A real life cuckoo atones for his past and asks forgiveness

I read with curiosity a story in The Baltimore Sun last Sunday morning about a man who has deep regrets about his racists’ past.
His life and character would easily fit into my new novel, The Cry of the Cuckoos. The theme of my novel is deceit and forgiveness and that’s what Elwin Hope Wilson of South Carolina has been doing as he struggles with his own mortality. He has repented for his past sins and asked for forgiveness from the people – blacks – he has harmed in one way or another most of his life.
Now that he is 72-years-old, ill with diabetes, his eyes degenerating, Wilson wants to atone for his misgivings.
“The former Ku Klux Klan supporter says he wants to atone for the cross burnings on Hollis Lake Road.

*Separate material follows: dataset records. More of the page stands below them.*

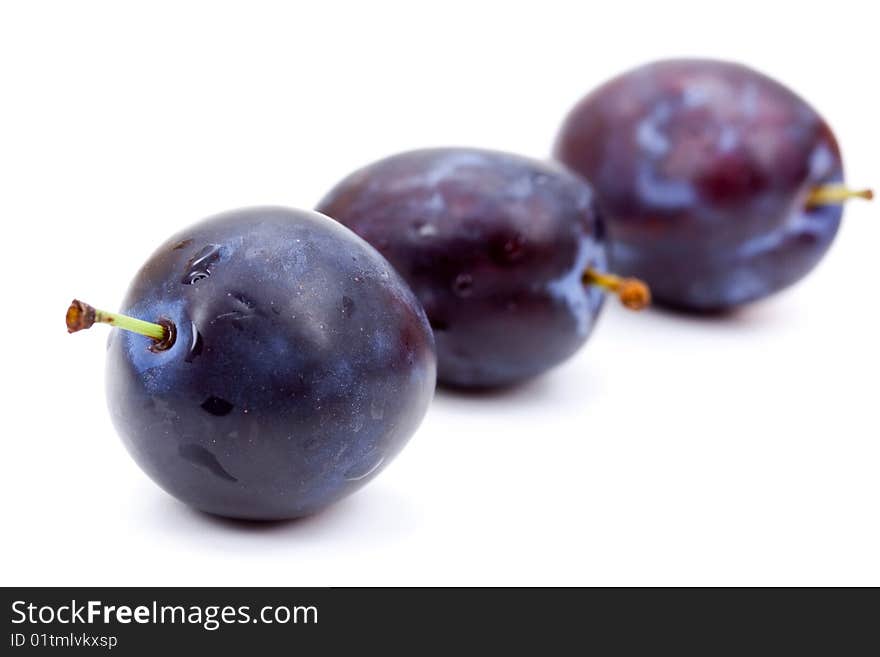 Plums on a white Plate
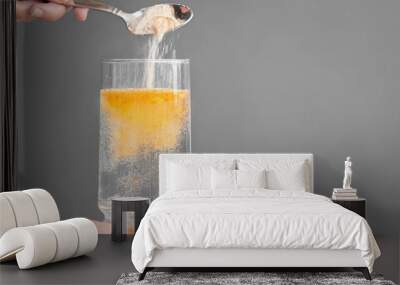 Orange fizzy powder and water glass with copy space. Healthy supplement. Wall mural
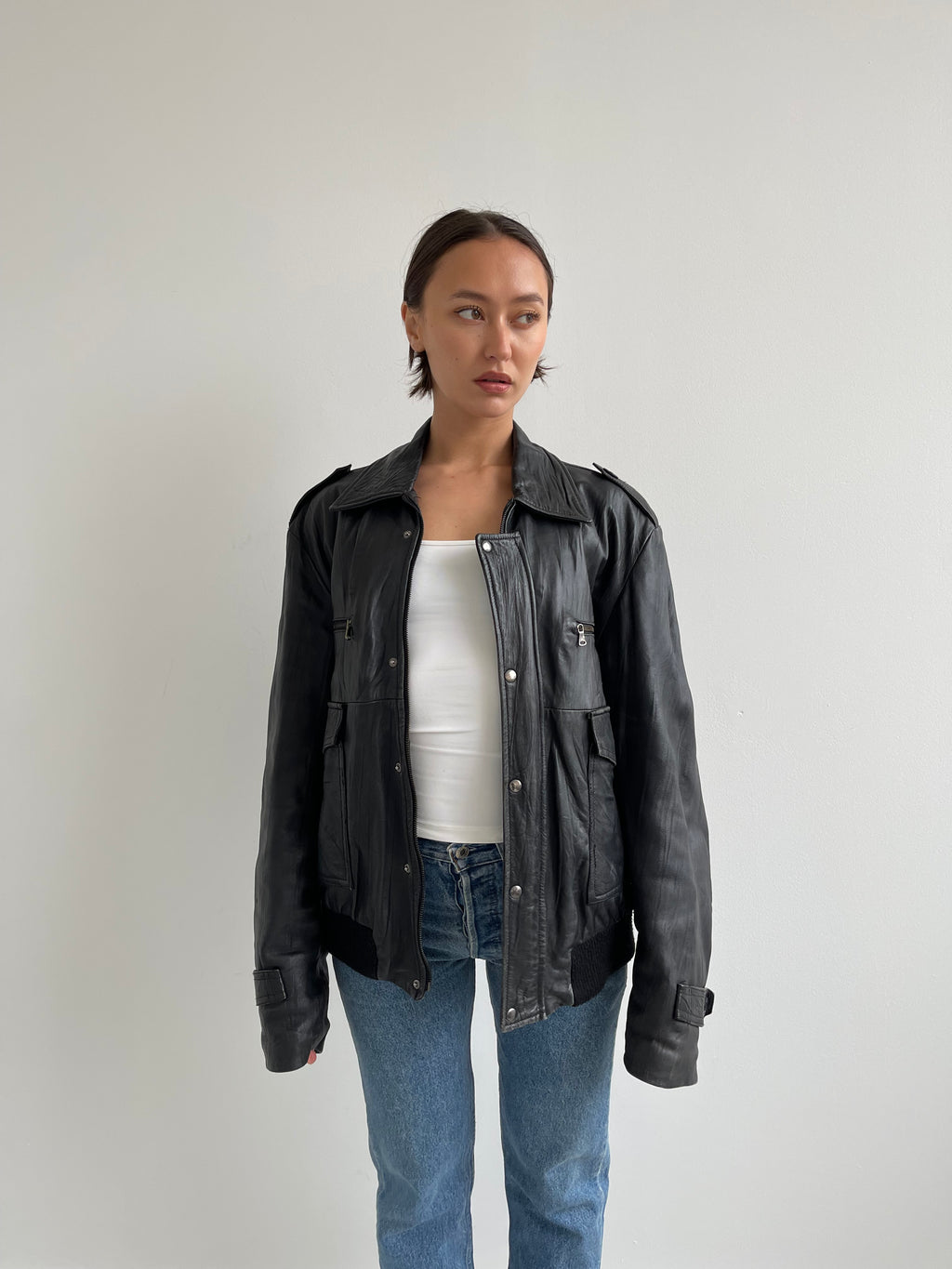Oversized black leather bomber jacket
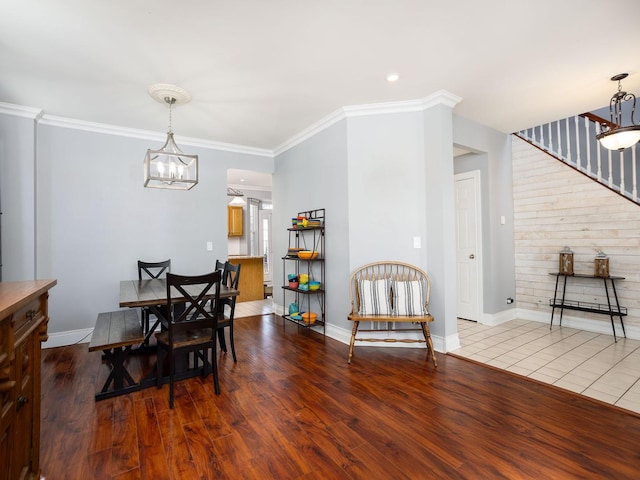 dining space with baseboards, crown molding, a chandelier, and wood finished floors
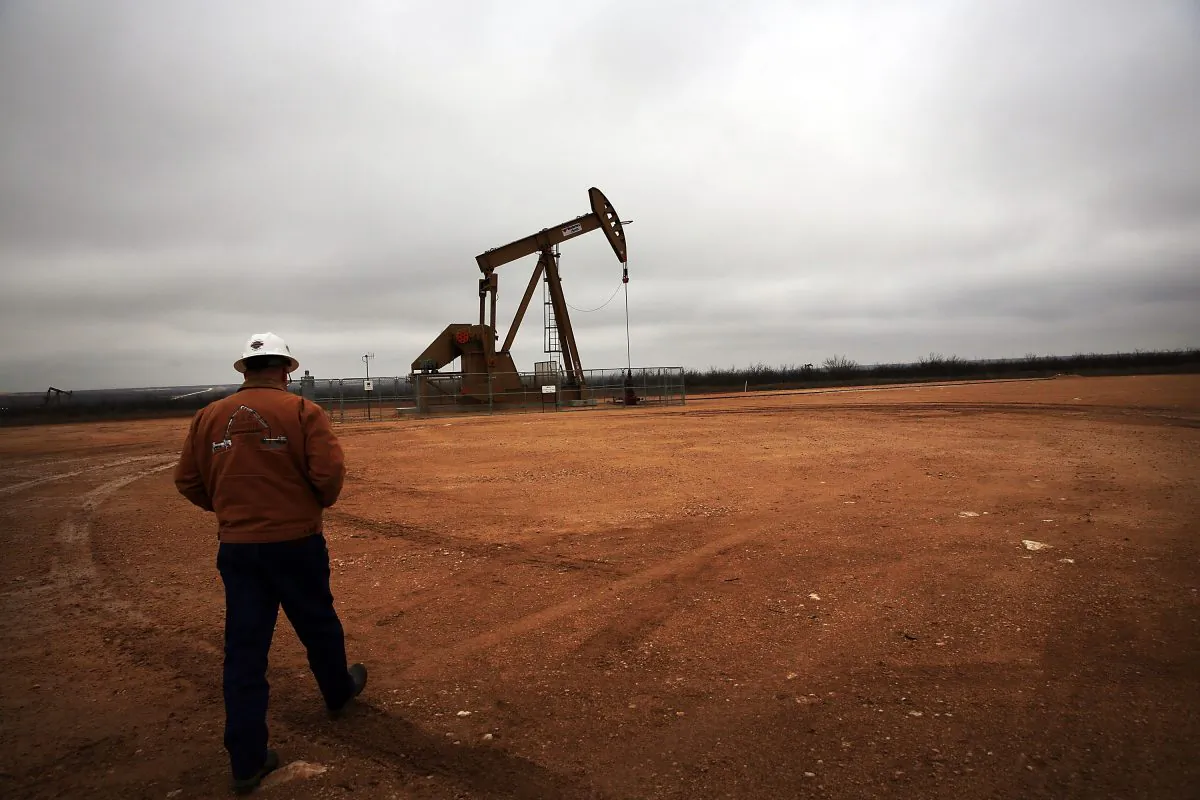 An oil well owned an operated by Apache Corporation in the Permian Basin in Garden City, Texas, on Feb. 5, 2015. (Spencer Platt/Getty Images)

He wants to apologize for hanging a black doll in a noose at the end of his drive, for flinging cantaloupes at black men walking down Main Street, for hurling a jack handle at the black kid jiggling the soda machine in his father's service station, for brutally beating a 21-year-old seminary student at the bus station in 1961,” the newspaper reported.
Sound familiar?
Wilson is a clock collector, and his life has been ticking away with the burden of racism for many years. Among his collections in his home is a cuckoo clock. I was mesmerized by the story because the characters in my book could have been Mr. Wilson.
In the final chapter of his life, Wilson is seeking forgiveness. The burly clock collector wants to be saved before he hears his last chime.
And so Wilson has spent recent months apologizing to "the people I had trouble with." “He has embraced black men his own age, at the same lunch counter where once they were denied service and hauled off to jail as mobs of white youths, Wilson among them, threw insults and eggs and fists.
”Wilson has carried his apology into black churches where he has unburdened it in prayer.
”And he has taken it to Washington, to the office of Congressman John Lewis of Atlanta, the civil rights leader whose face Wilson smashed at the Greyhound bus station during the famed Freedom Rides 48 years ago.
”The apologies have won headlines and praise. Letters have poured in, lauding Wilson's courage. Strangers, black and white, have hailed him as a hero.
”But Wilson doesn't feel like a hero. He feels confused. He cannot fully answer the lingering questions, the doubts. Where did all the hate come from? And where did it go?
And the question he gets asked most often: Why now?
"All I can say is that it has bothered me for years, all the bad stuff I've done," Wilson said. "And I found out there is no way I could be saved and get to heaven and still not like blacks."
”If you do get to heaven, his wife pointed out, they're going to be there with you.”
Mr. Wilson has found a secret ingredient to his life now. His regrets and weight of the past has given him the freedom to be a real person.
There is a lesson in his story.
Holding onto regret is like dragging the weight of the past with us everywhere we go. It drains our energy, leaving less available for life in the present because we are constantly feeding an old issue. This attachment can cause illness the same way watering a dead plant creates decay. We know that something new and beautiful can grow in its place if we only prepare the soil and plant the right seeds.
We also know that we create our lives from our thoughts, so dwelling on the past may actually recreate a situation in our lives where we are forced to make the choice again and again. We can choose to move on right now by applying what we have learned to the present and perhaps even sharing with others, transforming the energy into something that is constructive and creative for ourselves and others.
Forgiveness is the soothing balm that can heal regret. In meditation, we can imagine discussing the issue with the self of our past and offering our forgiveness for the choice. In return, we can ask for our selves’ forgiveness for keeping them locked in that space of judgment for so long.
We may also want to ask forgiveness from anyone else who may have been affected and perhaps offer our forgiveness. By replaying the event in our minds, we can choose a new ending using all that we now know.
Imagine that you have actually gone back into the past and made this change, and then say goodbye to it. Release your former self with a hug and bring the forgiveness and love back with you to the present. Since we are usually our harshest critics, it is amazing how powerfully healing it can be to offer ourselves love.
Keeping our minds and our energy fully in the present allows us to fuel our physical and emotional healing and well-being today. This action frees our energy to create the dreams we dream for the future. By taking responsibility and action in the present, we can release our hold on the past.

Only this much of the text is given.